## Exercise prompt
In the data below, the copy begins at the line containing "High angle view" and runs through the last line; repeat those lines exactly, minus the pictures.

☆ ☆ ☆ ☆ ☆

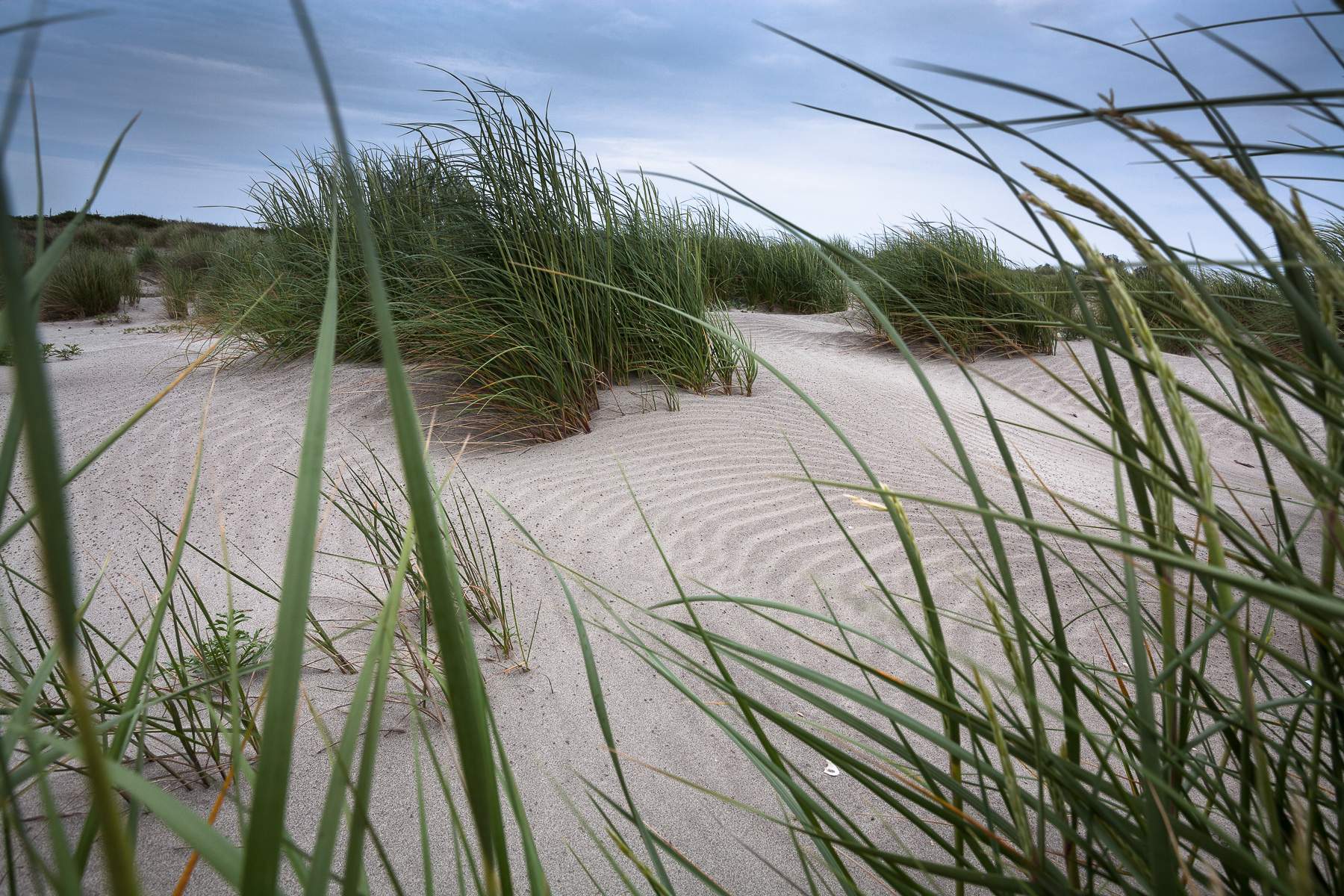 Litorale di dune, Delta Po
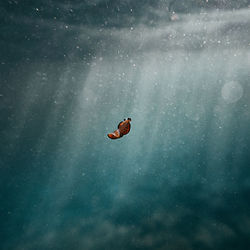 High angle view of a flatworm swimming in the sea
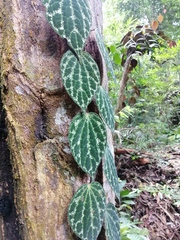 Piper porphyrophyllum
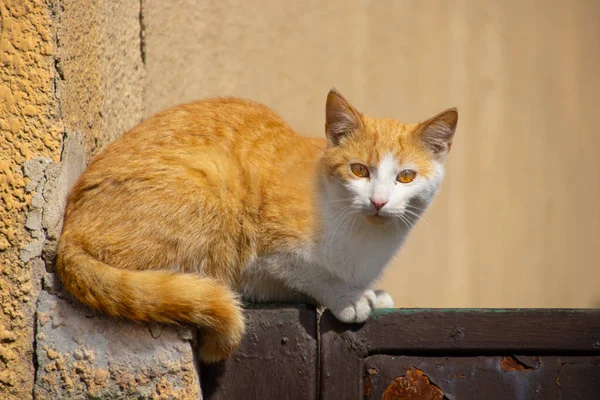 stock image cat on the street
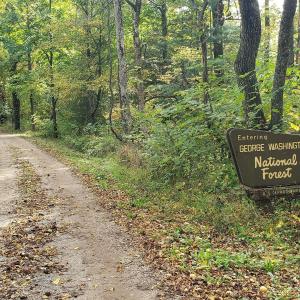 Photo #14 of Lexington Turnpike, Amherst, VA 100.9 acres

☆ ☆ ☆ ☆ ☆

## Response to this exercise
 High angle view of a flatworm swimming in the sea
 Piper porphyrophyllum
 stock image cat on the street
 Photo #14 of Lexington Turnpike, Amherst, VA 100.9 acres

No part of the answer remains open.